Kanserde beslenme iki unsuru içermektedir. Birincisi; gündelik sık olarak kullanılan besinlerimizle ilgili dikkat etmemiz gereken unsurlar, ikincisi toplum olarak önemini pek bilmediğimiz besinler örneğin kuşkonmaz, karahindiba, zerdeçal gibi besinler ile ilgili bilgilerimizin arttırılması.
Kanserden korunma ve kanser tedavisi sırasında beslenme konusu çok önemli ve toplumun tüm kesimlerine ayrıntılı tek tek anlatılması gereken bir konudur. Bu nedenle burada kısaca söylemem gereken, gündelik hayatta kanser konusunda uzman ancak beslenme konularına da önem veren onkologların önerilerine göre hareket edilmesi olacaktır.
Kanser hastalığının kesin çözümü var mıdır?
Kanser tedavisi bir gün mümkün olacak. Bu süre belki 10 yıl belki de yüzyılları alacak ancak sonunda çağımızın vebası olan bu hastalığa kesin bir çözüm bulunacağına inanıyorum. Günümüzde son 10 yılda kanser tedavisinde, özellikle ilaç tedavileri konusunda çok önemli bilimsel gelişmeler sağlandı. Bu gelişmeler ile özellikle ileri evre hastalarda ömrün uzatılması ve yaşam kalitesinin arttırılmasına yönelik çok ciddi başarılar elde edildi. Bu başarıların kökeninde de insan genomo ile ilgili bilgilerin artması ve dolayısıyla kanser tedavisine yeni bir bakış açısı kazandırılması etken oldu. Benim kanım, halen kanserin kesin tedavisi için hastalığa bakışta tıpkı orta çağdan yeniçağa geçişte bilimde başlayan yeni bakış açısının, bugünkü bilimi ve teknolojiyi şekillendirmesi gibi…

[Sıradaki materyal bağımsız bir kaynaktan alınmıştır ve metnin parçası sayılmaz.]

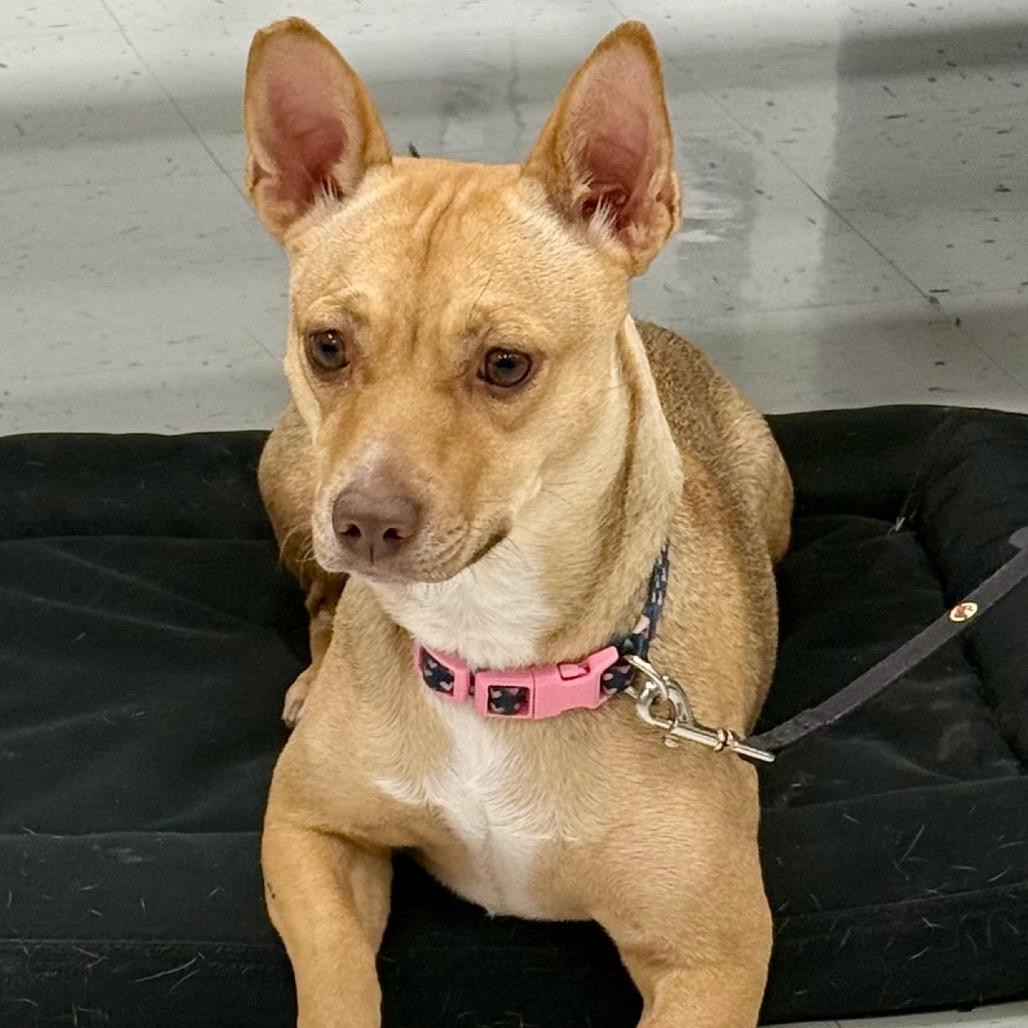 Enlarge Amber, a Adoptable mixed breed in Midland, TX image 2/4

Kanser tedavisinde de bilinen tıbbi kalıpların dışında yeni bir şeylerin keşfi, insan bedeni ve hastalıkları ile ilgili yeni bir bilimsel bakış açısı boyutuna geçilmesi gerektiğidir.

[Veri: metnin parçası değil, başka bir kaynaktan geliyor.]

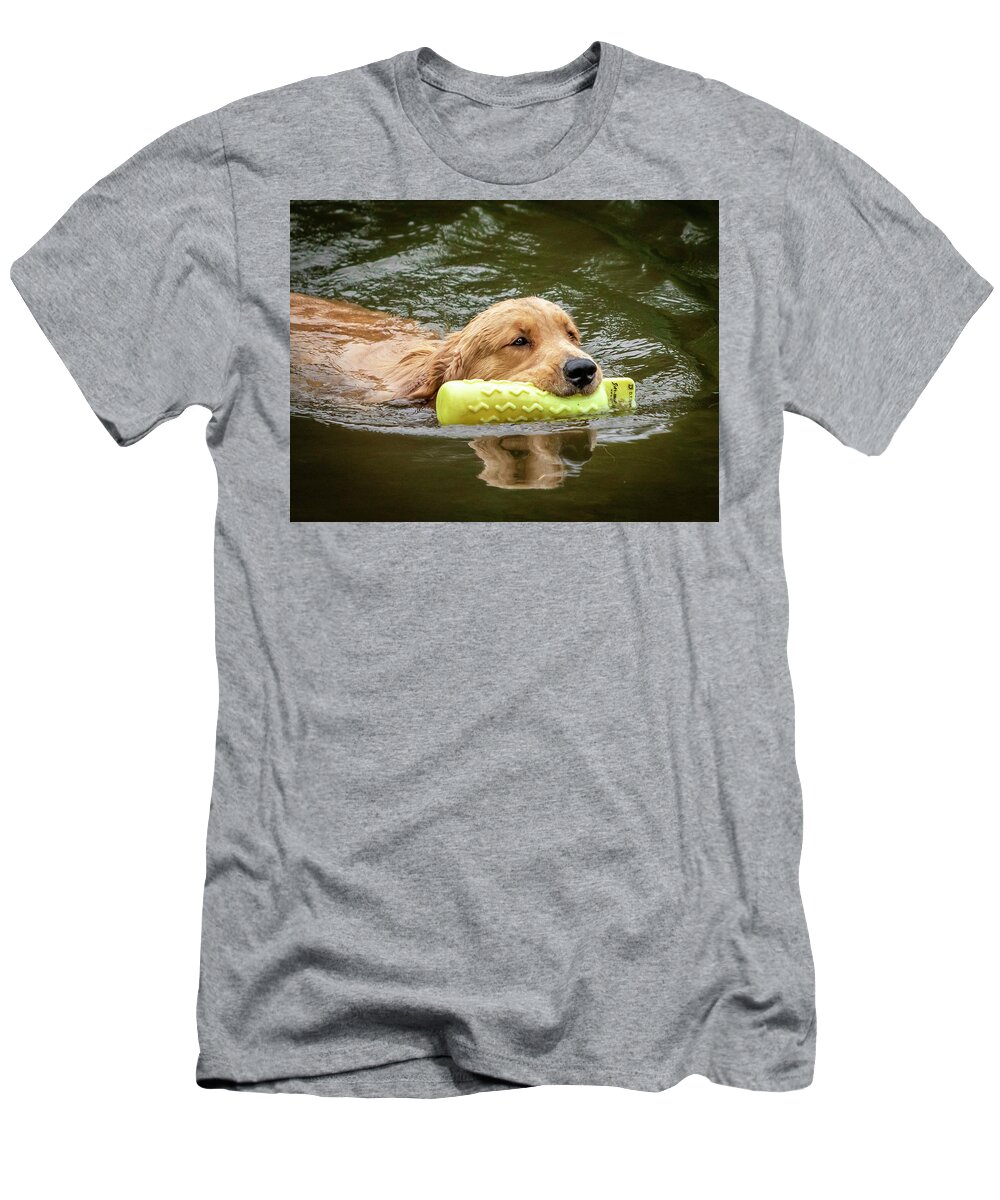 Dog Training T-Shirt featuring the photograph Golden Swim by GeeLeesa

Kanserin tedavisi ile ilgili bugün ulaşılan nokta gelecek için çok güzel gelişmelerin habercileridir. Ancak bireyler olarak gerek kendimiz, gerekse ailemiz için kanserden korunmanın da önemli bir unsur olduğunu ve bunun için yapılması gereken iyi beslenme, kötü alışkanlıklardan uzak durma, kilolardan uzak durma gibi pek çok olumlu şeyi yapmada ısrarcı olmak gerekir.